**THE TASK:**
Your answer must consist of exactly the lines below, starting with the line with "Free Assembly Men's" and going on through the line with "14k Yellow Gold", and nothing else.

Records from a dataset
------------------------------------------------------------------------

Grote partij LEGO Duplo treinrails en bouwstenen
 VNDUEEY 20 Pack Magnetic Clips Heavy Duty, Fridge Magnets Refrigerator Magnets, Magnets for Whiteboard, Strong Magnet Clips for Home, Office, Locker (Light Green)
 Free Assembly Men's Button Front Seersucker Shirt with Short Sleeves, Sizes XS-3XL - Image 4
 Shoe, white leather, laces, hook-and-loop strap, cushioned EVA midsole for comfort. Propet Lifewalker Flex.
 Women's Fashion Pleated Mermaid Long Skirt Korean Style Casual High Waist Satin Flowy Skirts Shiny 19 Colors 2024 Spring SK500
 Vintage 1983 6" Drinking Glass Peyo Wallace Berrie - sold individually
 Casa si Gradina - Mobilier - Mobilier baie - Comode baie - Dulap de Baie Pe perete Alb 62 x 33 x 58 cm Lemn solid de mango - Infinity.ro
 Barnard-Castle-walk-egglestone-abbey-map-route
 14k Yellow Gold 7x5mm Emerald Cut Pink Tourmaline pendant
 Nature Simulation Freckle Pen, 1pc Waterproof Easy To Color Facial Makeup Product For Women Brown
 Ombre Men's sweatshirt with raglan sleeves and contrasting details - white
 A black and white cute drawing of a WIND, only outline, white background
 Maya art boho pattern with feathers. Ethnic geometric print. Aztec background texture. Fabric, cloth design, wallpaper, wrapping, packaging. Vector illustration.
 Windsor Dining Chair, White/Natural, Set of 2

------------------------------------------------------------------------

**TASK OUTPUT:**
 Free Assembly Men's Button Front Seersucker Shirt with Short Sleeves, Sizes XS-3XL - Image 4
 Shoe, white leather, laces, hook-and-loop strap, cushioned EVA midsole for comfort. Propet Lifewalker Flex.
 Women's Fashion Pleated Mermaid Long Skirt Korean Style Casual High Waist Satin Flowy Skirts Shiny 19 Colors 2024 Spring SK500
 Vintage 1983 6" Drinking Glass Peyo Wallace Berrie - sold individually
 Casa si Gradina - Mobilier - Mobilier baie - Comode baie - Dulap de Baie Pe perete Alb 62 x 33 x 58 cm Lemn solid de mango - Infinity.ro
 Barnard-Castle-walk-egglestone-abbey-map-route
 14k Yellow Gold 7x5mm Emerald Cut Pink Tourmaline pendant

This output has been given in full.